Berkeley, California

Bernard Williams replies:

Dreyfus casts me as an “optimist” about AI; but my review expressed no particular optimism about AI, and the question whether it was promising enough to spend scarce research money on, which was Sir James Lighthill’s question, I did not raise at all. At the empirical level, practically all I said was that AI had learned some lessons from old errors which Dreyfus castigates. My concern was with what seems to me the more interesting part of the issue, and of the book: Dreyfus’s general philosophical reasons for being against AI.

I represented Dreyfus as trying to show that the aims of AI were, for philosophical reasons, unattainable. He points out that he explicitly denied any attempt at proof. That is true, and I apologize for not having made it clear. However, granted that, it is very unclear how much he was trying to show; so unclear, in fact, as to leave a doubt whether he remains consistent to his denial.
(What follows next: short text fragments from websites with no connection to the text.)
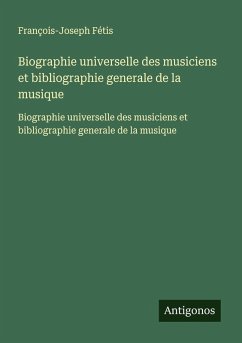 Biographie universelle des musiciens et bibliographie generale de la musique - Fétis, François-Joseph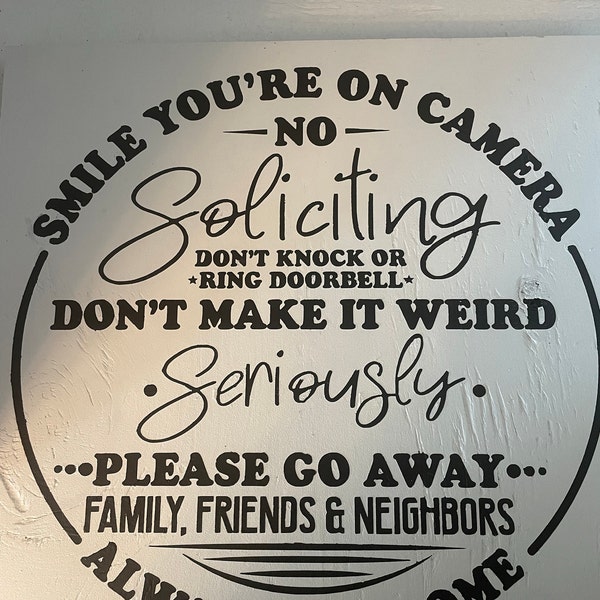 Smile, You're on Camera, No Soliciting Sign, Soliciting Sign SVG, No ...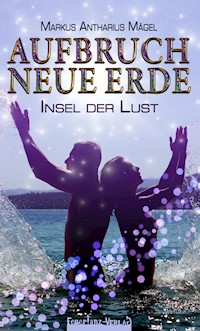 AUFBRUCH NEUE ERDE - Markus Antharius Mägel - ebook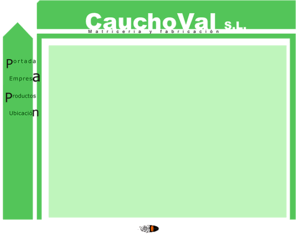 cauchoval.com: CauchoVal S.L. Todo en relación a la matriceria y fabricación en caucho.
CauchoVal S.L. Todo en relación a la matriceria y fabricación en caucho. Aldaia ¿A que esperas para enterarte bien?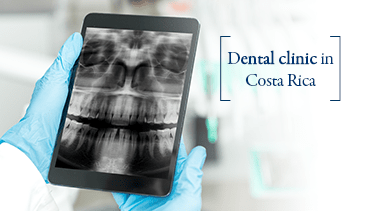 Dental clinic in Costa Rica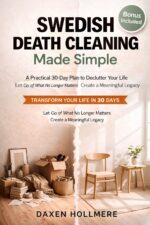 Swedish Death Cleaning Made Simple: a Practical 30-day Plan to Declutter Your Life, Let Go of What No Longer Matters, and Create a Meaningful Legacy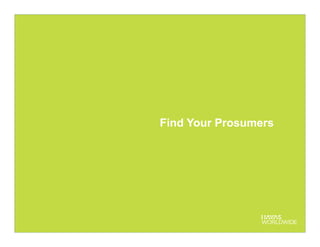 Find Your Prosumers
On page 136, for instance, in an admittedly obscure passage, he seems to say that the “only alternative” to something agreed to be impossible is to understand facts “as a product of the situation”—and that is something which he seems to regard (p. 116 and elsewhere) as implying that computer programs cannot be applied.

But even if the role of philosophical reasoning in the book is consistently more modest than I implied, this does not weaken my objections: for my objections were not just that the philosophical arguments failed to be demonstrative, but that they were in good part not of a type to show anything relevant at all.

One thing which, I argued, Dreyfus’s type of reasoning could not show is something which he once more asserts: that there could be no such thing as a fragment of human intelligence. He seems to think that I have missed his point here; on the contrary, I see it very clearly, but I think, and have argued, that he gives no convincing reasons for it. In this area, he once more ignores a relevant issue which I raised, the intelligent activity of simpler organisms. A large proportion of his arguments deal with the supposed unity of the cultural world of humans. In what form do these arguments apply to other intelligent organisms, and hence to the simulation of their intelligence?

Haugeland’s remarks, on the other hand, about a possible new order of complexity in the functioning of nervous systems is presumably not confined to the human case: the possible new type of complexity would apply to most living things. Put in such general terms, it would be a rash person who excluded such a possibility a priori. But Haugeland’s account of it does not seem to help much with the issue I raised against Dreyfus and which Haugeland has taken up: whether, if that possibility obtained, we should be able to make an artificial organism—not “construct,” since he objects to that, but make, as opposed (for instance) to rear or grow. Could we, on Haugeland’s conception of the possibility he mentions, have an understanding of intelligent organisms which enabled us to make them? How much scientific understanding, at what level, of intelligent organisms do Dreyfus’s ideas leave room for? I was left in the dark about that by Dreyfus, and I get no more light on it from Haugeland.

It may be that AI is on the wrong track, and its assumptions absurdly simplistic. But if it is, we shall not come to know it, nor be helped to get clear about these things, through the kind of philosophy Dreyfus is trying to bring to bear. I thought I gave a few reasons for that claim.